• _Your instructions_
No pictures, nothing altered: return the data below.

[Items from a dataset]
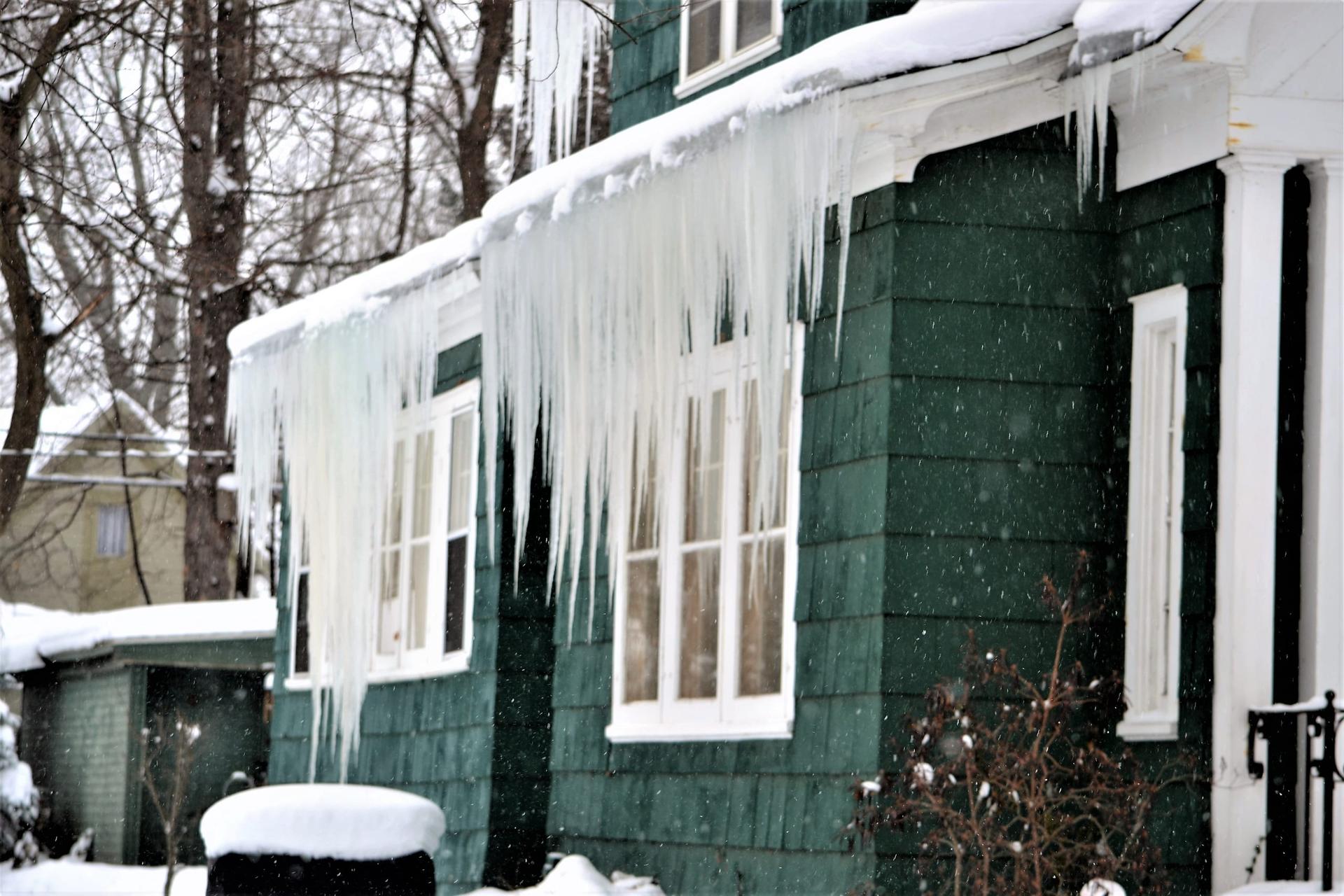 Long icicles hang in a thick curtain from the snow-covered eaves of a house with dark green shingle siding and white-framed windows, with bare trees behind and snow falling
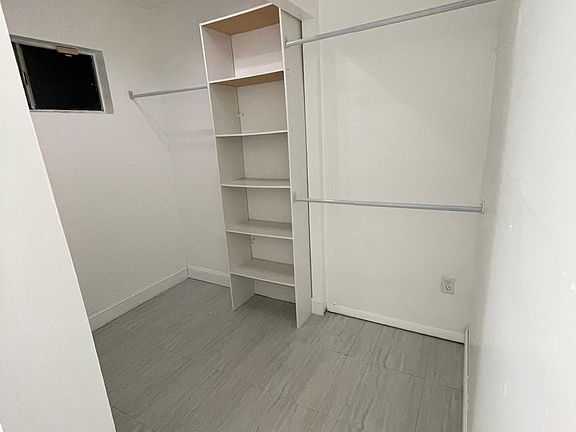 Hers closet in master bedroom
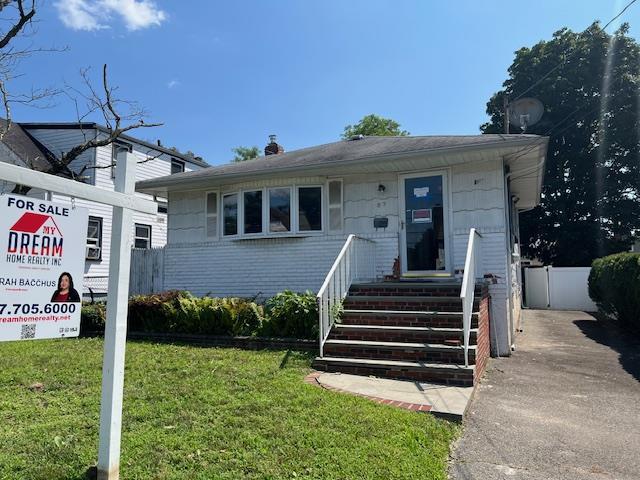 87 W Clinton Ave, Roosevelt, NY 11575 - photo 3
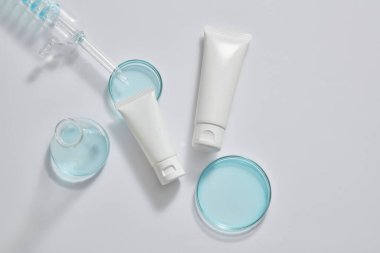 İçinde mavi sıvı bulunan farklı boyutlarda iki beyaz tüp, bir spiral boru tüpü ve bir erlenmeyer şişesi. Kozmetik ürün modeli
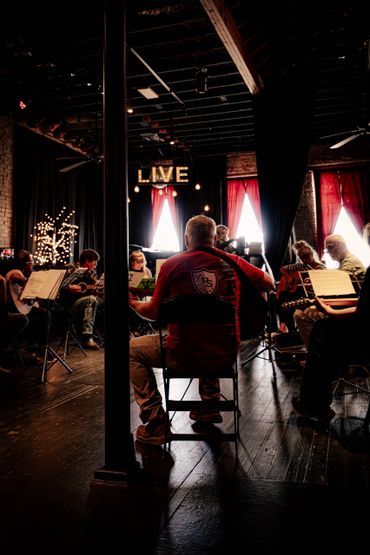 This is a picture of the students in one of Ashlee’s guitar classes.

• _Answer space_
 Long icicles hang in a thick curtain from the snow-covered eaves of a house with dark green shingle siding and white-framed windows, with bare trees behind and snow falling
 Hers closet in master bedroom
 87 W Clinton Ave, Roosevelt, NY 11575 - photo 3
 İçinde mavi sıvı bulunan farklı boyutlarda iki beyaz tüp, bir spiral boru tüpü ve bir erlenmeyer şişesi. Kozmetik ürün modeli
 This is a picture of the students in one of Ashlee’s guitar classes.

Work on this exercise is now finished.